What is being asked
Filter the records, keeping every line that has the string "wooden".

(Stored items)
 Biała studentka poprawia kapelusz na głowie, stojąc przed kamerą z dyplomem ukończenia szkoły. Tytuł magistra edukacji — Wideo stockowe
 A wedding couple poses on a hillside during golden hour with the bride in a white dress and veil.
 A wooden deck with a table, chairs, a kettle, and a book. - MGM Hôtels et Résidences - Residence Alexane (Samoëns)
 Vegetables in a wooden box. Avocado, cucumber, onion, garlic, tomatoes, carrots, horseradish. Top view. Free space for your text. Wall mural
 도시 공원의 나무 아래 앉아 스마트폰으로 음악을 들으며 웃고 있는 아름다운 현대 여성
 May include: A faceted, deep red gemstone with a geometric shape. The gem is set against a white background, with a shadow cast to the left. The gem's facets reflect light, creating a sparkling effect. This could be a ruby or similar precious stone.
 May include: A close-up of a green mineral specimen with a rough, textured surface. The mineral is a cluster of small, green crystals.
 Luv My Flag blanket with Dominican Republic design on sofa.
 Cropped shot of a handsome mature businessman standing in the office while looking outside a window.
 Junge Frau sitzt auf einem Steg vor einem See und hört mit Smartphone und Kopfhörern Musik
* * *
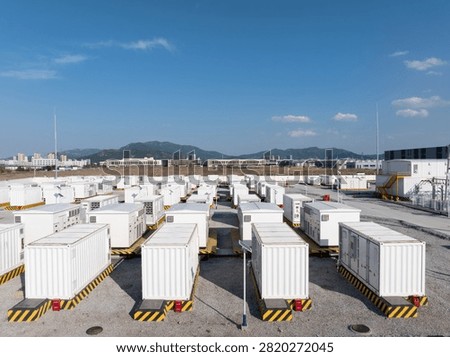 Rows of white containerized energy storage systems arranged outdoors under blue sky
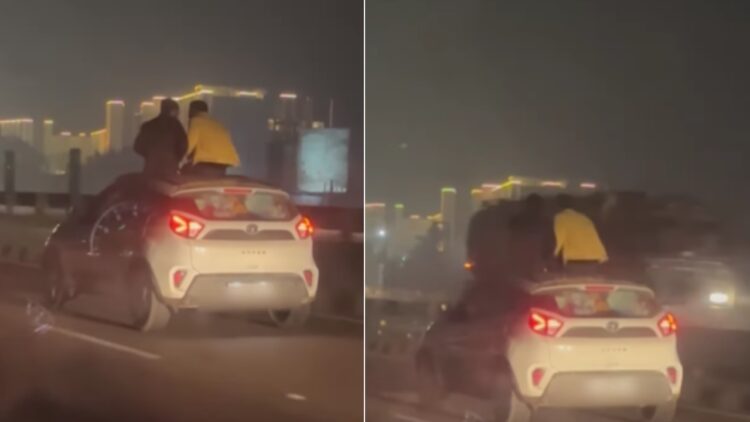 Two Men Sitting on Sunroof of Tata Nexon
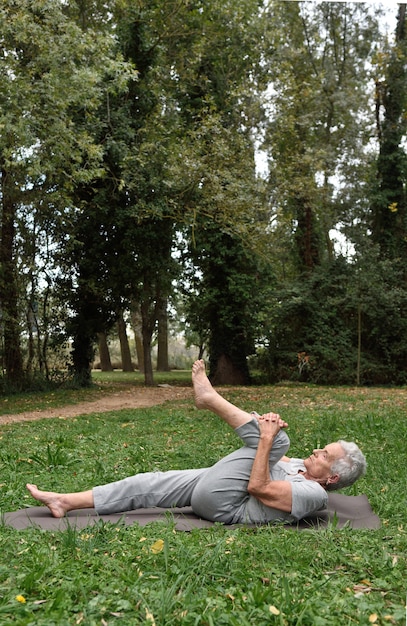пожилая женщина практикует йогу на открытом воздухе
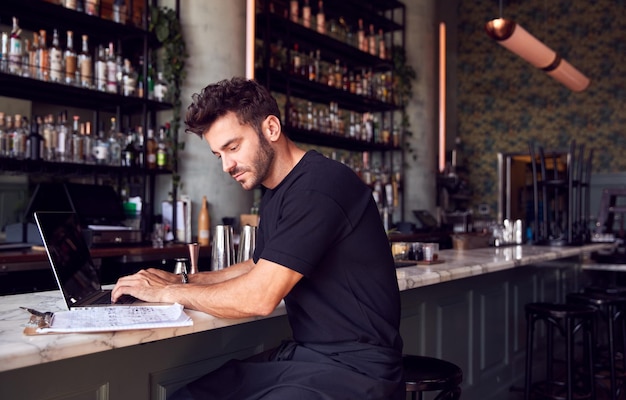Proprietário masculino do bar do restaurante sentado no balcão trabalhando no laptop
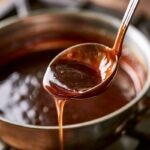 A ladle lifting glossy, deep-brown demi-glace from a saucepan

Response to this exercise
 A wooden deck with a table, chairs, a kettle, and a book. - MGM Hôtels et Résidences - Residence Alexane (Samoëns)
 Vegetables in a wooden box. Avocado, cucumber, onion, garlic, tomatoes, carrots, horseradish. Top view. Free space for your text. Wall mural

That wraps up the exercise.